Since its program began, Sonoma Valley Hospital has seen its use of flouroquinolones and piperacillin/tazobactam—two categories of broad-spectrum antibiotics—drop by 80% and 70%, respectively, Siddiqui said. The hospital’s resistance rates also dropped.
Despite the evidence of the benefits of stewardship, Siddiqui has encountered pushback from a few physicians. “There are still some physicians at Sonoma who don’t want my input, but I think we have about 90% of them on board and I’ll take that any day,” he said.
The CDC’s Srinivasan pointed to another antibiotic stewardship model that might work for community hospitals. Dr. Gary Kravitz, an infectious-disease specialist with St. Paul (Minn.) Infectious Disease Associates, runs stewardship programs at five local hospitals, including 192-bed St. John’s Hospital and 232-bed St. Joseph’s Hospital, both in St. Paul, and 86-bed Woodwinds Health Campus, Woodbury, Minn. He started in 2002 by developing a stewardship program for 398-bed United Hospital in St. Paul, where he was on staff. “I think we were getting paid about $50,000 to do the program and the hospital saved that much just on pharmacy costs in the first year,” he said.
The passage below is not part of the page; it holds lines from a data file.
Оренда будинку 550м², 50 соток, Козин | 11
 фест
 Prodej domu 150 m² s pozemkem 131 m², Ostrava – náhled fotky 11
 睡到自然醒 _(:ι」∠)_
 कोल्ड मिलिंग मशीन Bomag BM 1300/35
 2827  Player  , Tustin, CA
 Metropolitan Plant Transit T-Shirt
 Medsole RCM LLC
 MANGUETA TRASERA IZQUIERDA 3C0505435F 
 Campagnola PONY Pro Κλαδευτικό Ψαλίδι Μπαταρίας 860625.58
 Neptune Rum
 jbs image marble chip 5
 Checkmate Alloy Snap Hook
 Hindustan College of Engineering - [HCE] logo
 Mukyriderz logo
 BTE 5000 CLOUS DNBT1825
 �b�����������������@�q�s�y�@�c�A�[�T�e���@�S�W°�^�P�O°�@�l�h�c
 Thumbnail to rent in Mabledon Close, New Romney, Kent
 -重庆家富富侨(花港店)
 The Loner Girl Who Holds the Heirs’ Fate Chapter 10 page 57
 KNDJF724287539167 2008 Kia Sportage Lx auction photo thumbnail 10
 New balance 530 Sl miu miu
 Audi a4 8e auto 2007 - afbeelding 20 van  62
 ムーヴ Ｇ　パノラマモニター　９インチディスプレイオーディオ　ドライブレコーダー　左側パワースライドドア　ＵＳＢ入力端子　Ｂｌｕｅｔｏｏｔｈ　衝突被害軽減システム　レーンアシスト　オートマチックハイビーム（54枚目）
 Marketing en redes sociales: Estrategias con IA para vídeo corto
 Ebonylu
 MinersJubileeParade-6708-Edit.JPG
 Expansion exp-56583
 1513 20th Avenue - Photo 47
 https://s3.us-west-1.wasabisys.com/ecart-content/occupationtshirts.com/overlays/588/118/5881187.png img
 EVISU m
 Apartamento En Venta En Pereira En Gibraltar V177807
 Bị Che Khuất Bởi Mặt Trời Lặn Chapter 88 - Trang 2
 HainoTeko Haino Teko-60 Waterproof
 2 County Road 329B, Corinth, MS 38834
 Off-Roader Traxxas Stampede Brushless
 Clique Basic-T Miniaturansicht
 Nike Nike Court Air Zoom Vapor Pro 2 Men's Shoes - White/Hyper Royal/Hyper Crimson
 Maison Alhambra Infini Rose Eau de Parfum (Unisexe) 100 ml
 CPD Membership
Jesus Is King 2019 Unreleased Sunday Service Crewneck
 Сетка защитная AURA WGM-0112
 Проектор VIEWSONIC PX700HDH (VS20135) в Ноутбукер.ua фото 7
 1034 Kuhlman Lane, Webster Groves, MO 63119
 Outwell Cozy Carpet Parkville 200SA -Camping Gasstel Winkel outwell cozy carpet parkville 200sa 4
His results were so strong that over the next few years, he took the business proposition to other hospitals, negotiating renewable contracts to design and oversee stewardship programs.
With the right training, general pharmacists can lead antibiotic stewardship efforts as long as they have access to an infectious-disease specialist to review difficult cases, such as when they are unsure about which drug is appropriate, Kravitz said. “There’s a lot of ways to make this work, but you need people who are really interested in doing it.”
Srinivasan said 2015 promises to be a big year for advancing stewardship programs. “There is much more awareness of the problem now and stewardship efforts that have been underway for a long time seem to be coming to fruition,” he said. “I think we’re going to see a lot of good work that will carry us into the future.”